А дальше самое главное. Все знают главнейший тезис Гегеля: «Тождество бытия и мышления», «Все действительное разумно, все разумное действительно». Кьеркегор говорит: нет, между бытием и мышлением существует огромный зазор. Бытие вовсе не разумно. А разум вовсе не тождествен бытию. Между ними пропасть. И далее: для Гегеля важно только всеобщее, объективное, необходимое. Гегель – певец всеобщности. Личность – только момент во всеобщем. А случай, частность, личность – это всего лишь проявление необходимости, объективности.
Пафос Кьеркегора и его восстание идет по всем пунктам: против духа системы и, прежде всего, в защиту личности.

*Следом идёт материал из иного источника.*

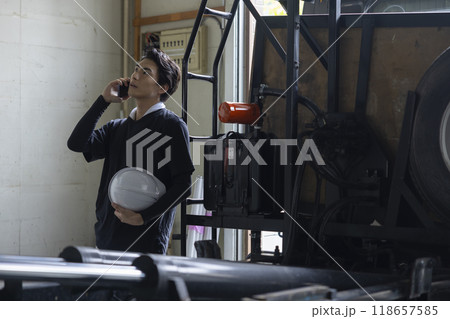 電話をする作業員の男性 118657585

Да, дважды два – четыре, но что мне с того? А вот самое главное – оно всегда личностно, всегда недоказуемо. Нельзя доказать, что есть Бог, нельзя доказать, что человек хорош. Но это – главное. И оно не вгоняется ни в какую систему, никак не передается, не доказывается. Об этом можно только свидетельствовать, но доказать нельзя. Кьеркегор защищает личность от безличности. Защищает свободу от необходимости. И в этом смысле Кьеркегор – вполне романтик. Вообще, у него отношения с романтизмом чем дальше, тем хуже, но в этом пункте он до конца остался романтиком. Как, например, он формулирует, что такое вера? Для него «вера – это тяжба о возможном». Во всем, что говорит об объективном, необходимом, всеобщем, безликом, для Кьеркегора чуется что-то тоталитарное, что-то бесчеловечное. То, что меня давит, исключает, превращает меня в вещь, растворяет. Против объективной истины – субъективная истина, против необходимости – свобода и возможность, против тотальности разума – не сводимый к разуму остаток реальности. Против безликости – личность.

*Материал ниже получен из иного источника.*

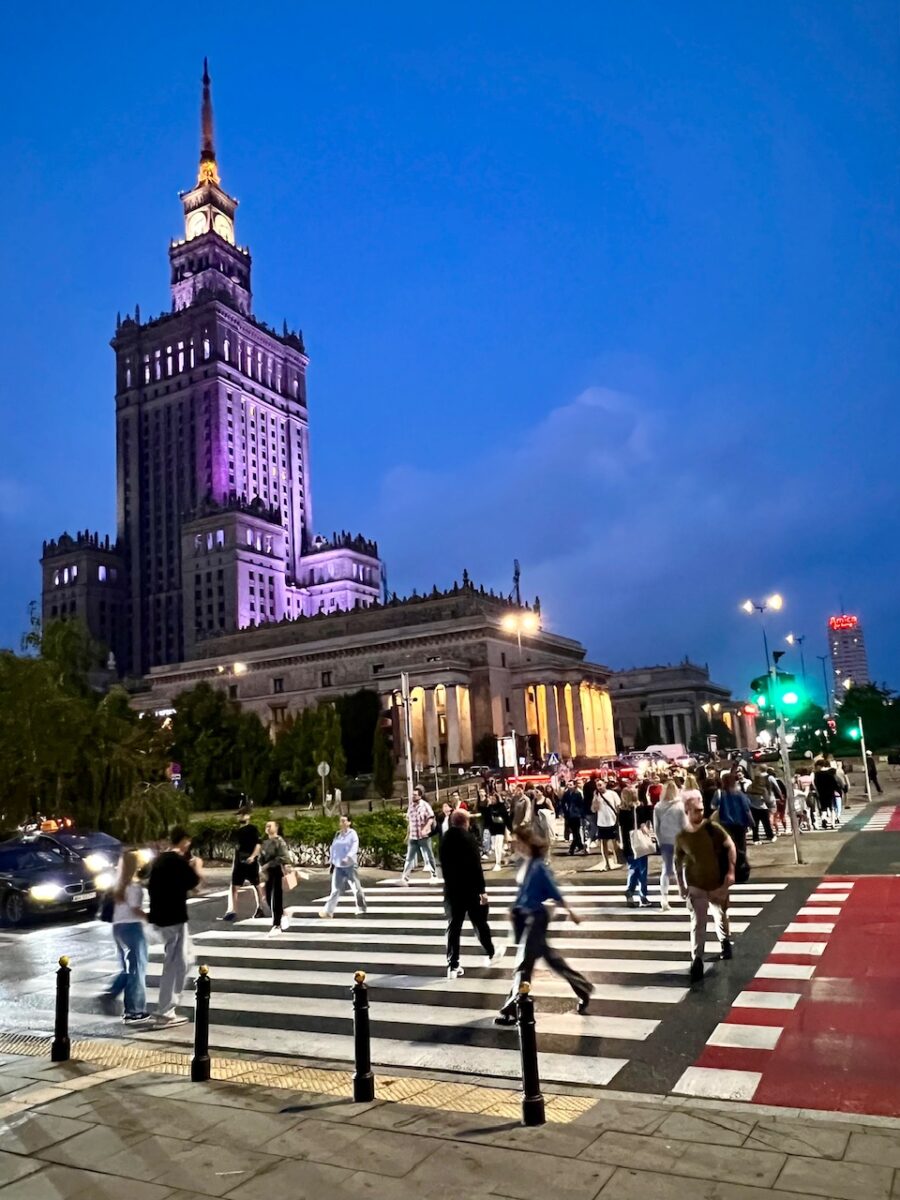 The Palace of Culture and Science building in Warsaw Poland lit up in purple lights at night with pedestrians crossing a crosswalk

Еще один важный пункт. В философии Гегеля мы видим очень резкую тенденцию в отношении религии. Бог фактически пантеистичен. Гегель, конечно, маскировался под христианина (ну, еще бы!), но его философия по сути своей пантеистична. Он пытался ее стилизовать, облечь в христианские формы, но, в сущности, это нечто пантеистическое. Начало, подчиненное необходимости, – там теряется личный Бог. А для Кьеркегора личность как в человеке, так и в Боге, очень важна. Общение, встреча с Богом возможны для него не на олимпе абстрактных рассуждений, а лишь лицом к лицу, в страхе и трепете.

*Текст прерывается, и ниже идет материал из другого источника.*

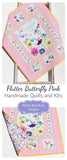 Butterfly quilt panel sewing project with coordinated pink floral fabrics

Но самое главное другое. У Кьеркегора совершен важнейший шаг. Как сказано в схоластике, «философия – служанка богословия», а у Гегеля все наоборот: «религия – служанка философии». Представьте себе, религия – это старая почтенная бабушка-инвалид; она пожила свое, имеет заслуги. Давайте ее пристроим в какую-нибудь богадельню, пусть она там живет на покое, а мы философски будем ее обосновывать. То есть, по Гегелю, религия – это недофилософия. Она имеет заслуги, но без философии она – ничто. Она выражает философские истины, но в несовершенном виде. По Гегелю, философия – «воплощение абсолютного в абсолютной форме». А религия – это недофилософия. Так религия полностью оказывается заложницей философии, вера – заложницей разума. При том, повторяю, Гегель ничего плохого не хотел! Он, выпускник теологического факультета Тюбингена, вовсе не хотел вообще религию ниспровергнуть! Он всего лишь превратил ее в такую вот жалкую приживалку при философии, которая без философии ничто.